## [WHAT THE TASK ASKS]
Exactly as they stand, repeat the lines from the one containing "Kichler 3606OZ Three" through the final line of the listing, both ends included, and nothing else; skip the pictures.

____

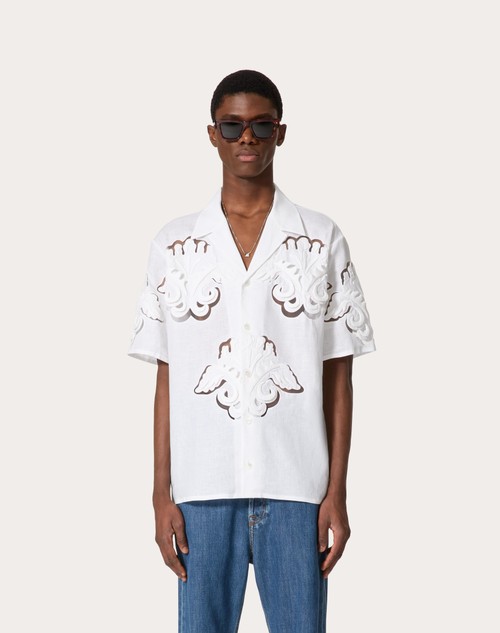 Red Valentino CAMICIA DA BOWLING IN LINO CON RICAMI ALTORILIEVO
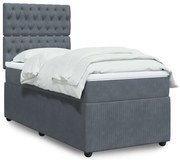vidaXL Cama com molas/colchão 100x200 cm veludo cinza-escuro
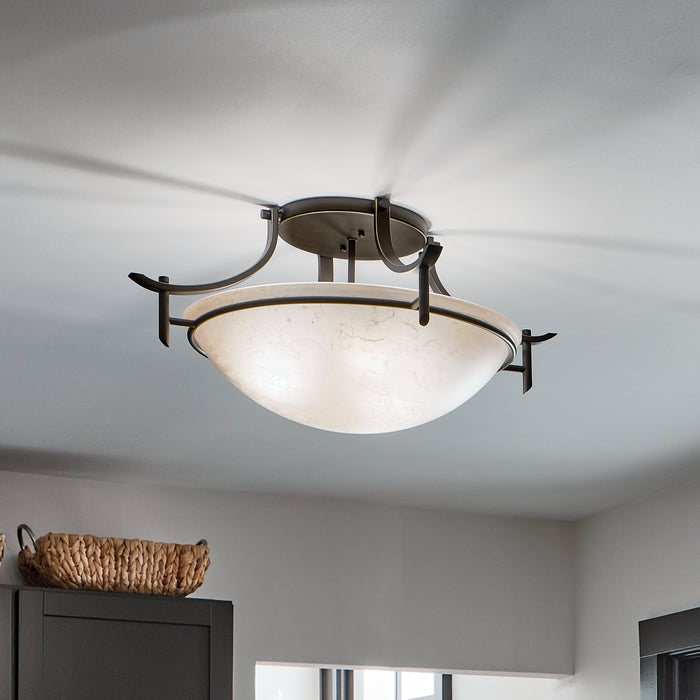 Kichler 3606OZ Three Light Semi Flush Mount, Olde Bronze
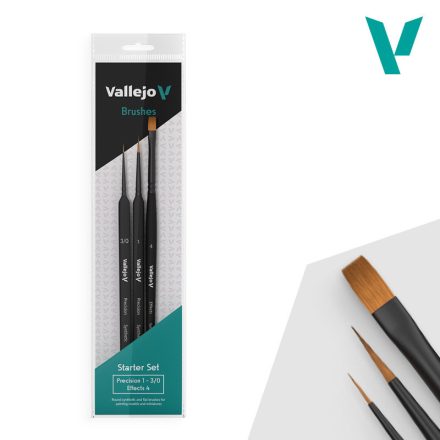 Vallejo Starter Set (Round No.1 & 3/0 Triangular Handle, Flat No.4, synthetics)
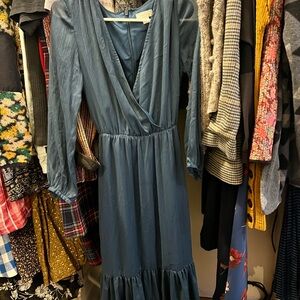 Chic Long Sleeve Teal Dress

____

## [ANSWER TO THE EXERCISE]
 Kichler 3606OZ Three Light Semi Flush Mount, Olde Bronze
 Vallejo Starter Set (Round No.1 & 3/0 Triangular Handle, Flat No.4, synthetics)
 Chic Long Sleeve Teal Dress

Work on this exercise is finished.